Heart Disease - Top 10 Advances of the Millenium (well,
so far)
5) Advances in ventricular assist devices
Remarkable advances in ventricular assist devices (VADs) began to come to fruition in 2000. VADs are mechanical devices used in patients with failing hearts. Rather than attempting to be a totally artificial heart, VADs merely take over a significant proportion of the work of the left ventricle, thus improving the cardiac output. Newer, energy-efficient VADs incorporate a tiny continuous flow pump (based on the ancient Archimedes screw) operating at thousands of revolutions per minute. At least three such devices (the Heartmate II, the Jarvik 2000, and the DeBakey VAD) have entered or are about to enter clinical trials.

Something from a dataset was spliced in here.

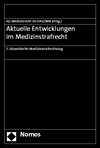 Arbeitsgemeinschaft Medizinrecht, Institut für Rechtsfragen der Medizin, Düsseldorf - Aktuelle Entwicklungen im Medizinstrafrecht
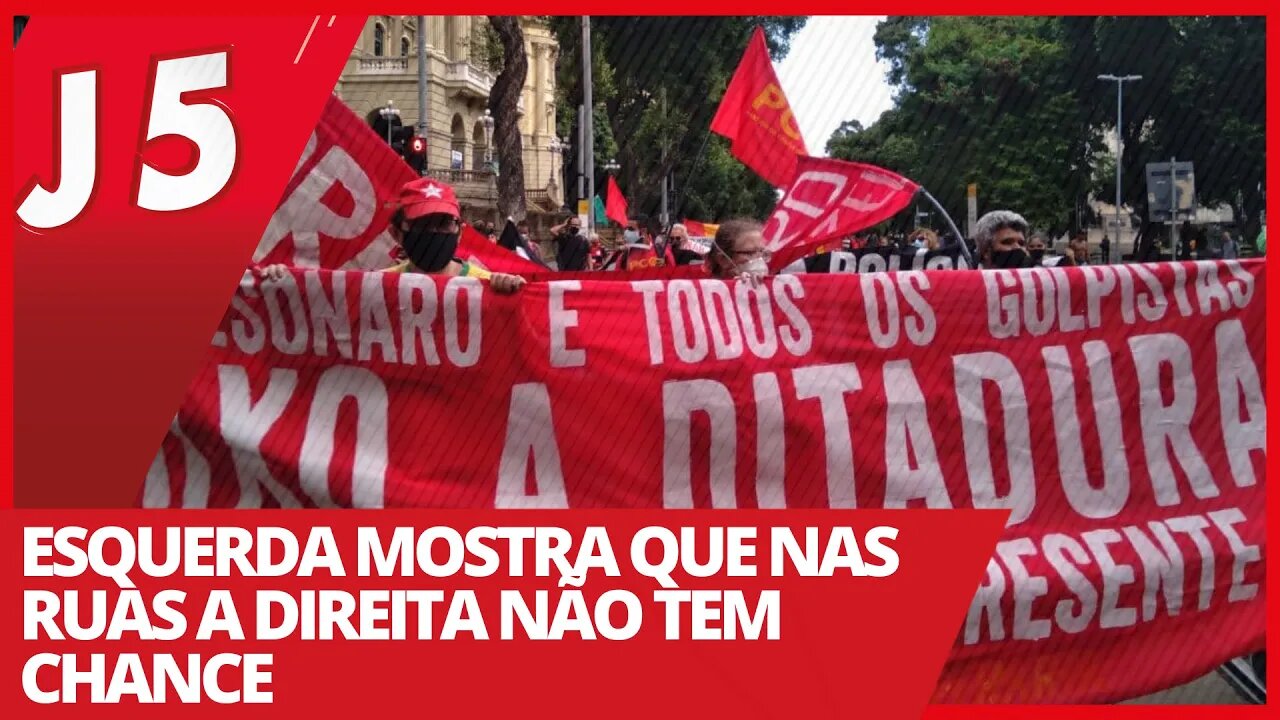 Esquerda mostra que nas ruas a direita não tem chance - Jornal das 5 nº 170 - 01/04/21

While the aim of the VAD is to buy the patient with a failing heart some time until the heart can repair itself, or the doctor can act to repair it (perhaps using, in the future, gene therapy or the insertion of new muscle cells), or a heart becomes available for transplant, it is clear that we are rapidly headed toward the permanent implantation of VADs. Technology now exists to render such devices fully implantable, without the need for lines or cables coming through the skin, and for recharging the devices' batteries through the skin, via an induction coil.
Given the advances made over the past year, it is likely that a permanent, fully implantable VAD will be available, at least on an experimental basis, within a few years. Such devices may revolutionize the treatment of patients with severe heart failure.